This just sounds like the sort of incremental Ship of Theseus [0] development that many of us are doing. The product I'm working on has had enough key internal portions rewritten over a long enough time (including interestingly the job management system) that you could say it's a rewrite compared to the product from 2 years ago.

[0] https://en.wikipedia.org/wiki/Ship_of_Theseus

barking6y ago

I'd like to see some idea of what they mean by big. An order of magnitude in terms of lines of code and the number of engineers they had for the job and how long it all took versus how long the original took to write etc. One of the things that scares me about something like this are all the seemingly illogical bits of code that were added over time and are actually that way for a reason because they fix some edge case or whatever. Hard to see those not getting swept away in a rewrite as well as a whole bunch of new rarely occurring issues added. A complete rewrite strikes me as something that's almost guaranteed to be buggier than what it replaces, at least for awhile.

mgkimsal6y ago

> A complete rewrite strikes me as something that's almost guaranteed to be buggy

Likely buggy, but buggy in different ways. The real test will be in measuring the number and quality and severity of bugs, as well as the ability to identify and repair them in both systems. A testable system with good test code written may still be 'buggy', but will help foster a sense of confidence when making the fixes required.

LandR6y ago

>I'd like to see some idea of what they mean by big. An order of magnitude in terms of lines of code and the number of engineers they had for the job and how long it all took versus how long the original took to write etc.
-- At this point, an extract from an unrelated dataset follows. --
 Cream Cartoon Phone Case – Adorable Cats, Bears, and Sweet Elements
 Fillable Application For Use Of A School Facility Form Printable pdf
Yeah, at my last place before I left, they were looking to do a rewrite of their main project that had been the result of years of hundreds of developers working on it. The time-scale was wooly, but was expected to be between 5 and 10 years and probably require ~200 developers and testers.

This was rewriting millions of lines of code, very little would be reusable.

I don't know if they went ahead with it or not, but it was looking like it would descend into chaos.

1 more reply

baud1472586y ago

The company where I work is doing (and is close to finishing) a big rewrite of one the product. The base version is deployed on-prem at our clients, the new one will be cloud service, with the same features. But the on-prem version is still worked on and supported (I'm working on it) alongside the cloud one, the cloud one is to offer a less cumbersome alternative.

barking6y ago

Is the on-prem one Windows based? Also by less cumbersome do you mean the cloud one has fewer features or is just easier to get up and running with it because it's a browser based. Are the company expecting your on-prem one to fade away over time etc? Could you give any information of what each was written in and an order of magnitude, hundres of thousands of loc etc. Sorry for all the questions but I'm nosey! No problem if you can't.

1 more reply

Darkstryder6y ago

> Prematurely designing systems “for scale” is just another instance of premature optimization

> Examples abound: (...) using a distributed database when Postgres would do

This is the only part of the article that bugged me a little, because in my experience the choice between single-machine and distributed databases is not so much about scale as it is about availability and avoiding a single point of failure.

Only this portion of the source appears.